We demonstrated a quick-fit hybrid BMMD made of PMMA and PDMS that provided advantages over single-material counterparts, such as bubble prevention, user-friendliness, low dead volume, and air-tight sealing. The quick-fit design allows high experimental-throughput setup so that by reusing the top interface chip, multiple experiments can be performed sequentially by assembling and disassembling the quick-fit chip. The reagent waste was significantly reduced.

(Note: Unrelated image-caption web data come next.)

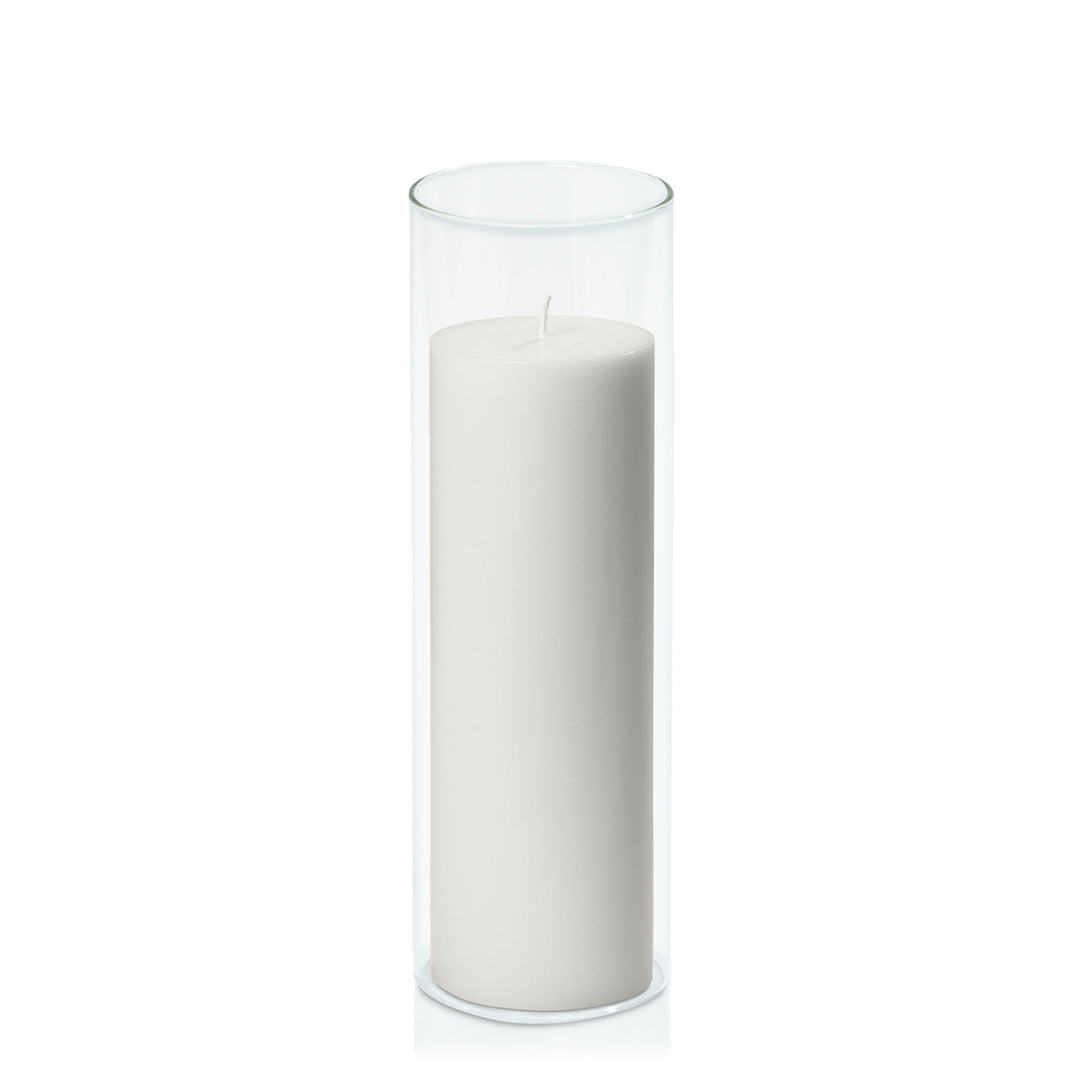 Stone 7cm x 20cm Pillar in 8cm x 25cm Glass Pack of 1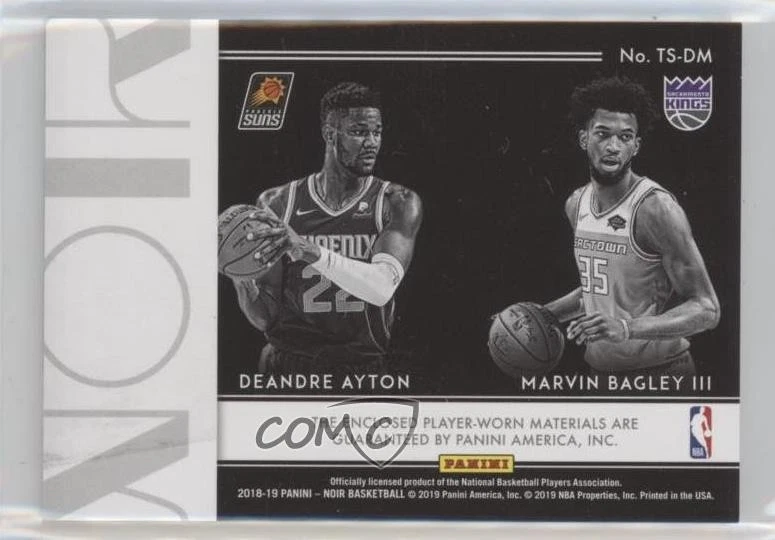 2018 Panini Noir Two-Shot Rookie Jerseys /99 DeAndre Ayton Marvin Bagley III RC - Image 2 of 2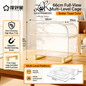 TIYES Transparent Hamster Cage 66cm | Elevated Full-View Cage with Magnetic Opening Door and Level Platform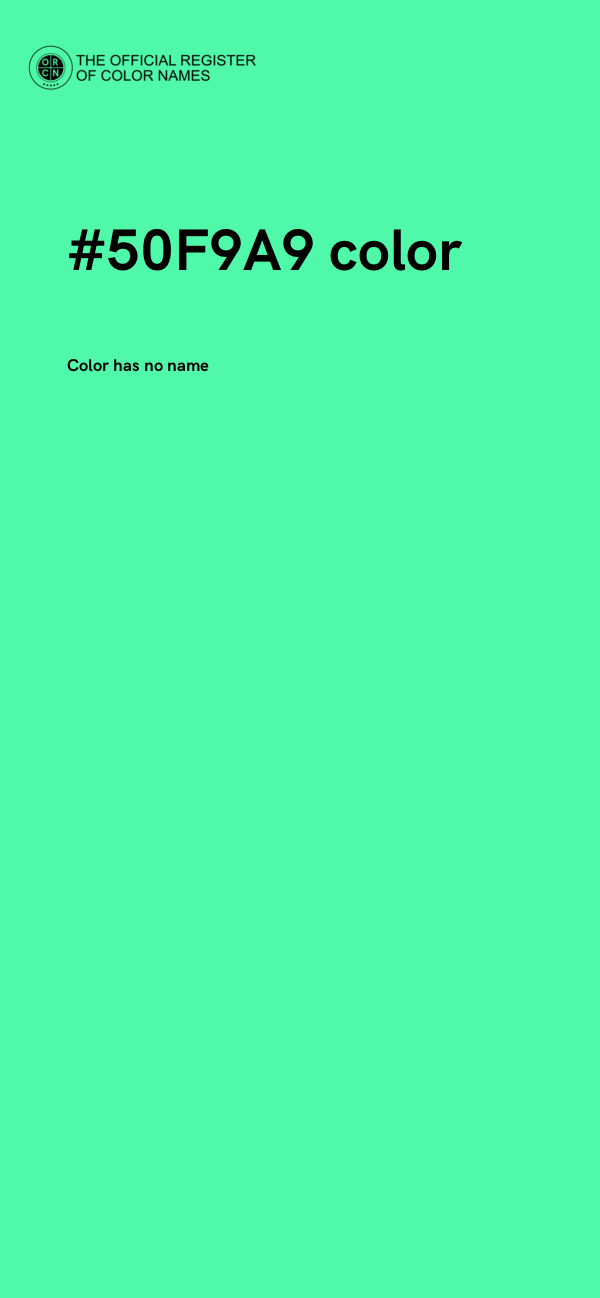 #50F9A9 color image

We verified the operation of quick-fit BMMD by conditioning endothelial cells on-chip to concurrent shear flow and electric field. No leakage or bubbles at high volumetric flow rate were observed. T98G-dsRed and U251MG-dsRed glioblastoma cell adhesion under static culture and shear flow with electric field-conditioned endothelium was examined. Angiopoietin 1 activation increased the adhesion of both glioblastoma cell lines on a statically cultured endothelial cell layer. T98G-dsRed glioblastoma cells also showed increased adhesion to an endothelial cell layer conditioned with intermediate electric field and shear flow. On the other hand, U251MG-dsRed showed no adhesion difference. Further identification and typing of adhesion molecules is expected to further our understanding of how glioblastoma interacts with endothelial cells. We envision that the quick-fit hybrid microdevice can be applied to study other cell-tissue interactions in controlled shear flow and electric field conditions. The quick-fit hybrid device can also aid in drug screening on cells conditioned under biomimetic conditions.